As viewed through the eyes of a child, the alien invasion appears all the more frightening. It’s an absolute end to the safety and security of childhood in America as we now understand it, a piercing of the protective bubble all parents attempt to construct around their young ones.
Tom reminds his soldiers, for instance, that in human history there are many instances of inferior armed forces defeating superior ones, namely in the American Revolution, but also in Ancient Greece, and so on. “Ever the professor” (as another character notes), Tom is a unique and intellectual hero whose knowledge of history (and specificially military history) can provide hope in what seems a hopeless struggle. Wyle is good in the central role, and already I am enjoying the fact that Tom is not a physical superman, a law enforcement official, or a modern cowboy in mentality. Instead, he’s an able and believable surrogate for a lot of us in the audience: an everyman and family man faced with an extraordinary situation, trying to do his best.
In the second episode, “The Armory,” Tomn’s humanist perspective is matched and balanced by that of a criminal and warlord, John Pope (Colin Cunningham). In blunt terms, Pope informs Tom that he is using the wrong analogy. We’re not the early Americans fighting the Red Coats, Pope insists. No, we’re the American Indian, facing wave after wave of technologically superior, unstoppable white men. And we’ll share the same fate as the Indians too: extinction. It’s a terrifying thought, and this duel of philosophies makes for one of Falling Skies best and most chilling moments in the opening two hours.
Anti-social tendencies are downplayed here (in the first two episodes), and outlaws such as Pope are already in the process of being assimilated into the resistance by the end of the second episode. On a wider scale, man in Falling Skies has mounted at least a semi-organized defense against the invading Skitters, and is able to win small battles against this antagonist. As we’d expect from Steven Spielberg, the approach is a little more optimistic and a little less balanced than we get in the more nuanced (and so far more impressive) The Walking Dead.
As it was in War of the Worlds, the focus here is overtly on family matters. In the 2005 film, Tom Cruise had to protect his young daughter and keep track of his rebellious older son. Here, we’ve got Tom, his adult son, Hal (Drew Roy), his youngest son, Matt (Maxim Young), and Anne Glass (Moon Bloodgood) as a physician in the resistance who — from frame one — is clearly itching to play wife and mother to Tom and the Mason brood.
The focus here is on how the human family sticks together in a time of crisis, not how human foibles, even in times of disaster, pull it apart. In fact, Falling Skies opening episodes find time to celebrate young Matt’s birthday, and observe, with solemnity, his wish that everything could “just be like it was.” Sowhile Falling Skies and The Walking Dead share an obsession with the downfall of man, they boast vastly different approaches and perspectives on that downfall.
Basically, we are an occupied planet, and there’s certainly a subtext here about 21st century’s America’s role as occupier in foreign lands.
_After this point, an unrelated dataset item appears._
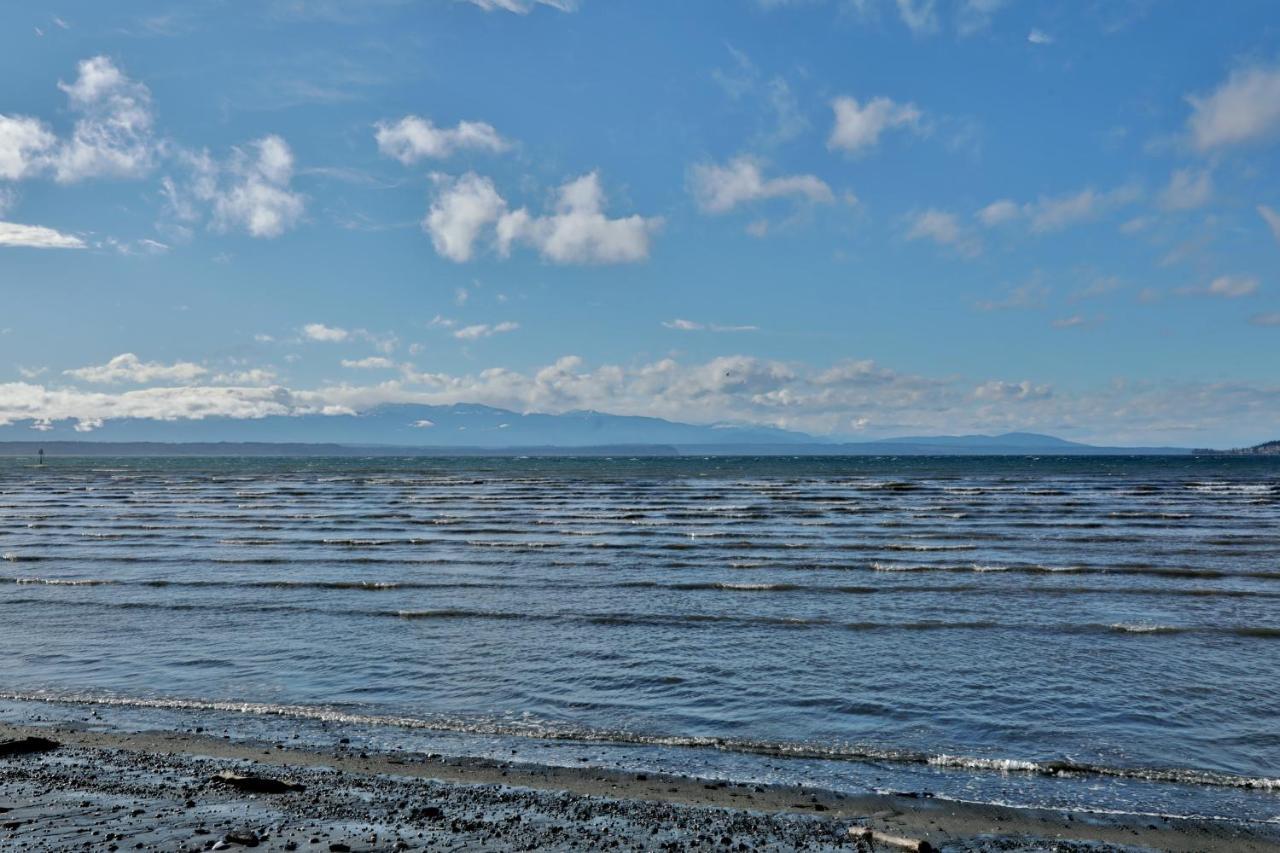 Maxwelton Beach Sunsets! Kayaks & Paddleboards! 1 Min Walk To The Water! Clinton 外观 照片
There some impresive vistas of the alien “base” looming over abandoned American cities, and it’s impossible not to be reminded of our predator drone attacks when those alien ships fly by and indiscriminantly rain death upon those at ground level.
But after “Live and Learn,” “The Armory” stalls momentum quite a bit. The second episode concerns an attempt on Tom’s part to stake out a weapons depot. The mission goes awry and he ends up in the hands of John Pope, a criminal and nihilist. Instead of being about the alien invasion or the human response to it, the episode is about Tom and his allies maneuvering their way into freedom, and outwitting an enemy who, we soon suspect, will prove an ally. This episode is rather flat, emotionally-speaking, in comparison to the first hour, and doesn’t move the plot along significantly or even with much interest.
Still, it’s not necessarily clear sailing for this genre program. If the series grows too dark and gritty (as the scenario would seem to promise), viewers may not take to the series. And if the program remains so relentlessly upbeat in the face of human annihilation, it will sacrifice believability. In other words, Falling Skies is walking a very narrow line.